Details are sketchy because of confidentiality clauses within the contract between Bellamy’s and Fonterra.
However, we do know that Fonterra will still be paid the same originally agreed amount by Bellamy’s; it’s just that the money will come over eight years instead of the five under the first agreement.
Overall, taking all supply contracts into consideration and not just the one with Fonterra, Bellamy’s will have to pay out shortfall payments between $11 million and $13 million each year for at least two years. The first payment is due in the 2018 financial year.
Much depends on whether sales will recover in China as the warehouses there empty and supply returns to more normal levels.
In any case, the company is working hard to cut production so it doesn’t keep filling warehouses.
No change this year
This will take time. Production can’t be wound down overnight. Orders have to be shaved, changes made to schedules and payment.

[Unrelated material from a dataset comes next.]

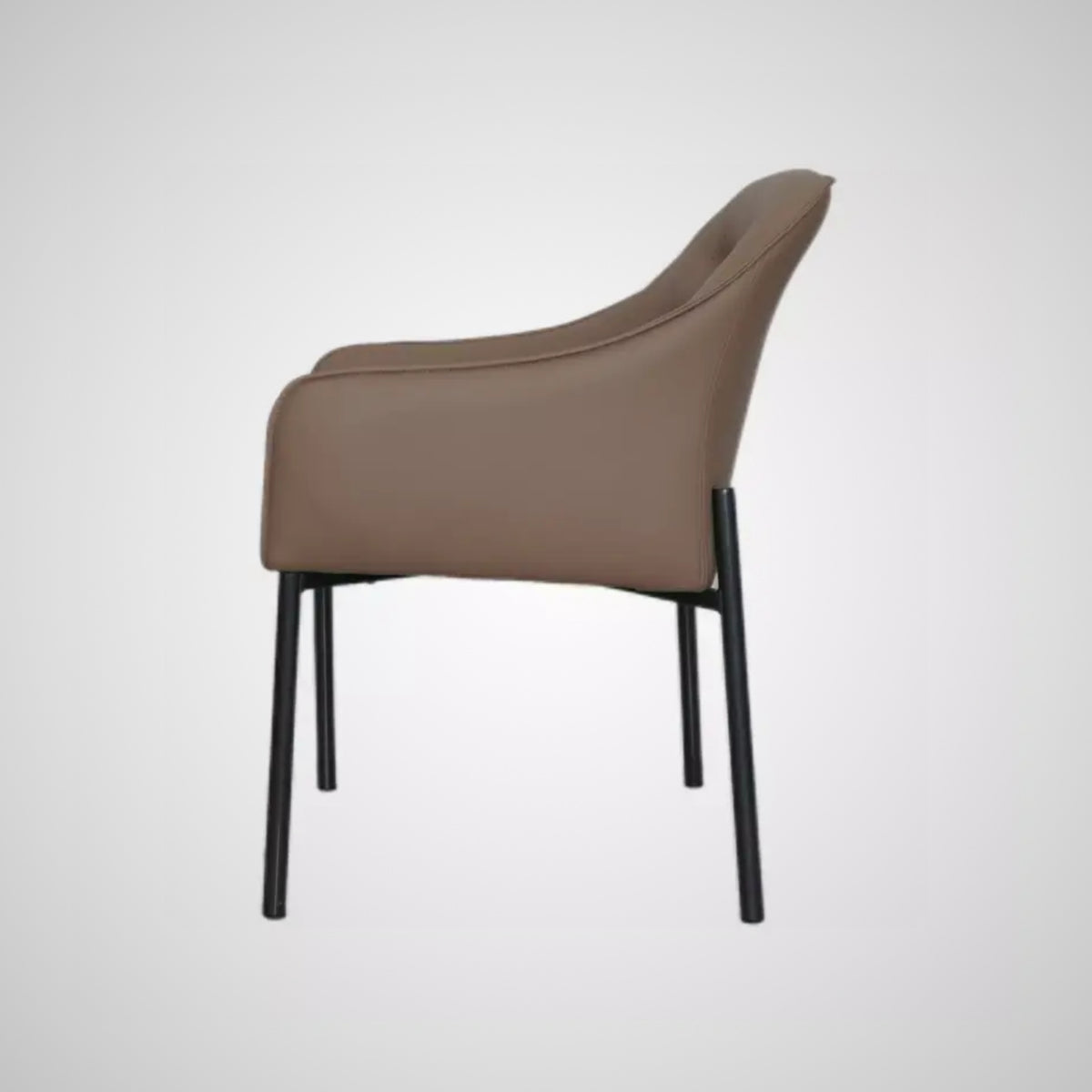 Kepler Brooks Cocoa Premium Cafeteria Dining Chair ( Brown )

The company expects no material change in inventory by the end of this financial year.
“A part of Bellamy’s strategy is to subcontract manufacturing of its products,” the company said in a business update today.
“Its key manufacturing contracts have minimum volume commitments to secure access to the necessary manufacturing facilities.”
That’s where the shortfall payments come in. “Under its contractual arrangements with Fonterra and other suppliers/manufacturers, where the company is not able to fulfil minimum volume commitments, it is required to make shortfall payments,” Bellamy’s says.
Currently Fonterra only manufactures one of Bellamy’s three infant milk formula products. Bega Cheese is also a supplier but Bellamy’s says there has been no change to that agreement yet.
Much depends on demand from China.
“The company continues to believe in the strength of its brand and products and global sales footprint,” says Bellamy’s.
“Bellamy’s is focused on building a sustainable business that can execute on the significant, long term opportunities in Australia, China and other markets, and deliver long term value to its shareholders.”
But a return to growth won’t be this year.
Bellamy’s expects full year revenue to be in the range of $220 million to $240 million, at best flat on 2015 and well below previous analyst expectations of about $330 million.
“The company is actively working to realign its supply chain and key customer channels to target more sustainable and visible growth across its home market and South East Asia and the important China market,” Bellamy’s says.
“Key aspects of this are pricing strategy, route-to-market, ongoing marketing programs and improving customer relationships.”